* [Brief]
Each of the entries should be output exactly, with nothing left out.

··· Data shown

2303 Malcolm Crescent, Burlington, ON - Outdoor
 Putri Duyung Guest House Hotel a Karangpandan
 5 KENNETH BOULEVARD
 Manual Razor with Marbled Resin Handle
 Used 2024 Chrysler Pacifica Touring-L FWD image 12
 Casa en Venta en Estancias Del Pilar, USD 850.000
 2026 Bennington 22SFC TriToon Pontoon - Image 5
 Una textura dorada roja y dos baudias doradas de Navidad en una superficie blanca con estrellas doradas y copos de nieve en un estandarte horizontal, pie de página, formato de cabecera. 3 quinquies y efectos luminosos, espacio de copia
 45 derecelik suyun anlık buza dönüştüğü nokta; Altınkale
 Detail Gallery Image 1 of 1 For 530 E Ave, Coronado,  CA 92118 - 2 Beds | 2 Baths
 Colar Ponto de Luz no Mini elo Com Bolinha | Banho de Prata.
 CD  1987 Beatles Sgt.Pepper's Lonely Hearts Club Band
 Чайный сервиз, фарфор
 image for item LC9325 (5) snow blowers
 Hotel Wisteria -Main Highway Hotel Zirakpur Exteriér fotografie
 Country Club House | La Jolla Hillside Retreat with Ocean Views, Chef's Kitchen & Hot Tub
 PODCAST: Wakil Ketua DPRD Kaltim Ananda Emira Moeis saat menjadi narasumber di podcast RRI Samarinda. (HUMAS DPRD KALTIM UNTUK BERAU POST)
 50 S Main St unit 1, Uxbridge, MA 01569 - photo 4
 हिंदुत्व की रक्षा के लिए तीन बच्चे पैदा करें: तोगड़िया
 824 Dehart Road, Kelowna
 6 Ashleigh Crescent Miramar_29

······

* [Written answer]
2303 Malcolm Crescent, Burlington, ON - Outdoor
 Putri Duyung Guest House Hotel a Karangpandan
 5 KENNETH BOULEVARD
 Manual Razor with Marbled Resin Handle
 Used 2024 Chrysler Pacifica Touring-L FWD image 12
 Casa en Venta en Estancias Del Pilar, USD 850.000
 2026 Bennington 22SFC TriToon Pontoon - Image 5
 Una textura dorada roja y dos baudias doradas de Navidad en una superficie blanca con estrellas doradas y copos de nieve en un estandarte horizontal, pie de página, formato de cabecera. 3 quinquies y efectos luminosos, espacio de copia
 45 derecelik suyun anlık buza dönüştüğü nokta; Altınkale
 Detail Gallery Image 1 of 1 For 530 E Ave, Coronado,  CA 92118 - 2 Beds | 2 Baths
 Colar Ponto de Luz no Mini elo Com Bolinha | Banho de Prata.
 CD  1987 Beatles Sgt.Pepper's Lonely Hearts Club Band
 Чайный сервиз, фарфор
 image for item LC9325 (5) snow blowers
 Hotel Wisteria -Main Highway Hotel Zirakpur Exteriér fotografie
 Country Club House | La Jolla Hillside Retreat with Ocean Views, Chef's Kitchen & Hot Tub
 PODCAST: Wakil Ketua DPRD Kaltim Ananda Emira Moeis saat menjadi narasumber di podcast RRI Samarinda. (HUMAS DPRD KALTIM UNTUK BERAU POST)
 50 S Main St unit 1, Uxbridge, MA 01569 - photo 4
 हिंदुत्व की रक्षा के लिए तीन बच्चे पैदा करें: तोगड़िया
 824 Dehart Road, Kelowna
 6 Ashleigh Crescent Miramar_29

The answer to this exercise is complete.